Let me just start off here by thanking my readers-- especially Scu, Brunson, and Anotherpanacea-- for reminding me that for every silver lining there is a dark cloud. I was so juiced about how I might potentially extract some of the broadest implications of the article's claims that I, quite regrettably, overlooked many of the details. Important details. Like, as Brunson pointed out, that the same claims could be used (and have been used) to support arguments in favor of the genetic superiority of males. AnPan seconded this suspicion by reminding me that the disciplinary frame of the article I was so enamoured with was still evolutionary psychology, which has a long and storied record of naturalizing (and, consequently justifying) gender inequities in the name of good "science." Perhaps more disturbingly, I also overlooked the details of the experiments themselves-- on both children and animals-- that were forwarding the research being heralded in the article.

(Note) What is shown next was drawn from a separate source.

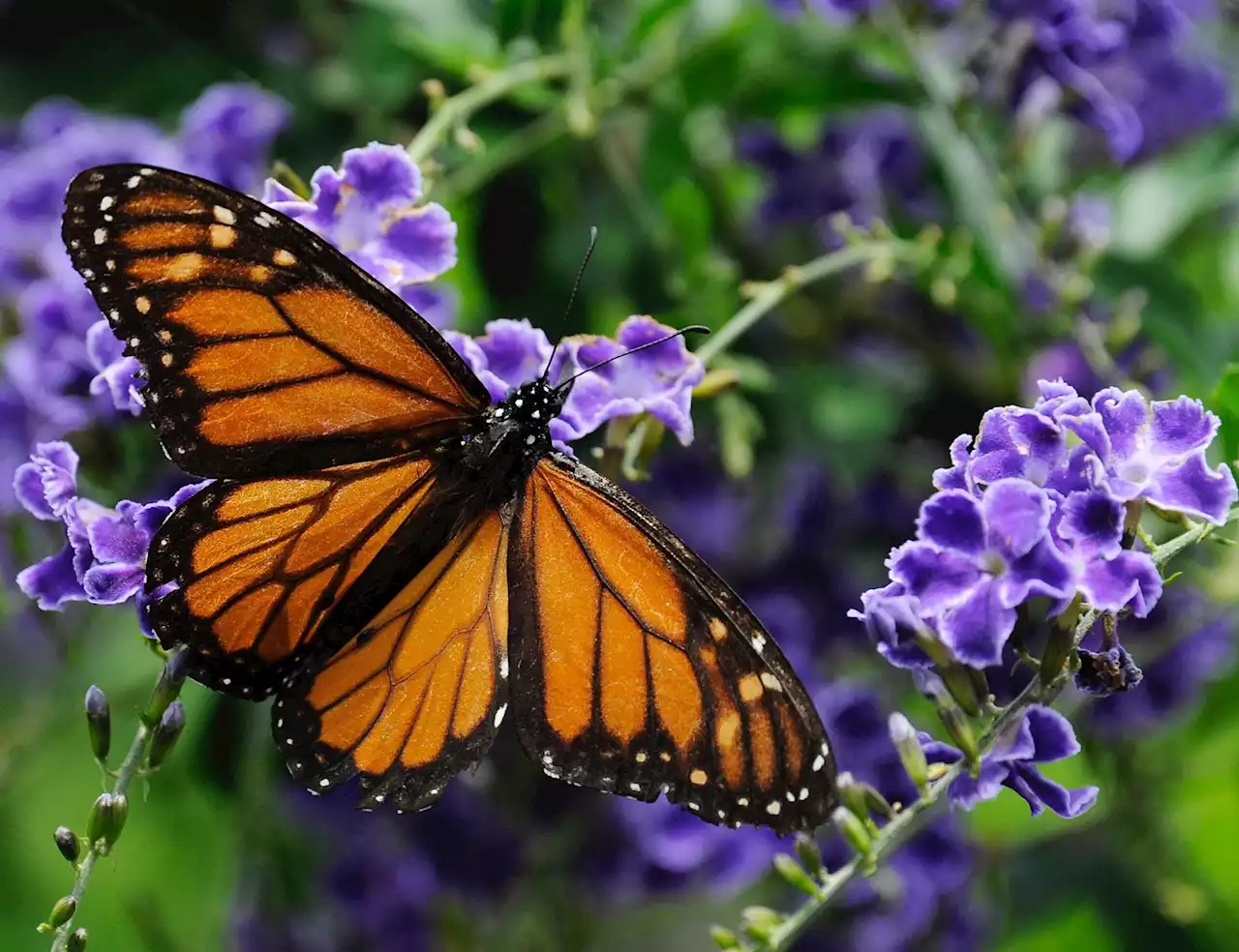 Great nectar-producing plants for monarchs' S.A. stop this fall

Scu posted a kind of exposé of that research over on his own blog (in a post titled "Vulnerability and Animal Experimentation") that, first, shocked and horrified me with its account of the scientists' utter cruelty and indifference to animal vulnerability and, second, embarrassed me for so quickly glossing over these experiments in the course of hurrying on to praise their results. After reading their comments, I felt a bit like the kid in A Christmas Story, who was so impressed with his shiny new Red Ryder BB gun (with a compass in the stock) that he ignored its very real danger of shooting his eye out.

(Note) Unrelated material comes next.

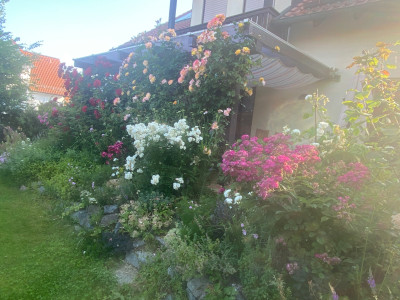 IMG_1874.jpeg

If one learns anything at all from deconstruction, it first must be that every system, structure, theory, text or context of meaning has many hidden nooks and crannies that, quite often, harbor all varieties of contradictions, countermemories, aporias and other means for its own undoing. So, mea culpa. I did not read (or think) carefully enough in this instance, and I am deeply appreciative of my critical readers for reminding me so. But I am also inclined to say that this is a hazard of the occupation in which we are engaged, that is, the occupation of thinking through, perhaps even thinking beyond, the narratives handed over to us. An unavoidable hazard, even. I do not offer that as an apology so much as an observation, a reminder to myself and others that the work we do is sometimes perilous, sometimes strange, often unpredictable.
In a comment to his own post, Scu remarked on his "frustration" with the erasure of details (in both the Atlantic article and my post) about the horrors of animal experimentation. He writes:
Frustrated is a good word, I think. Frustrated and sympathetic in a way. As a fellow nerd I understand the desire to be caught up in the cool science and nifty implications. But if we are going to be ethical and political beings, if we are going to reconceive the basis of rights on the grounds of vulnerability and precariousness, we need to cultivate an awareness of what is being done in the name of understanding our humanity.There is a part of me that suspects that, in this case, I am one of the people "caught up in the cool science and nifty implications" to which Scu is referring. And, I suppose, that's an at least partially accurate description, in this case. But I could not agree with him more in his subsequent warning. I have never shied away, on this blog and elsewhere, from stating categorically that the chief concerns of my research concern human suffering, human vulnerability and precariousness, and human rights. And yet, I hope-- and I have also stated this, categorically, here and elsewhere-- that the work I am doing is not being undertaken in a kind of blissful ignorance of the manner in which our form of life and the life of other Others is co-implicated. And I could not agree more with Scu when he reminds us that, just as the Master cannot speak of his own superiority over the Slave without recognizing the Slave's empowering-power, so too can we not speak of the difference between our (human) suffering and the suffering of non-human animals without recognizing our co-participation in a shared community of sentient life.
I still intend to post another entry on the Orchid Hypothesis, which I still find a "cool science with nifty implications," but I obviously have some more thinking to do about it first. But I wanted to post this entry as a provocation for all of us to think more on the darker sides of the theories that claim our attention.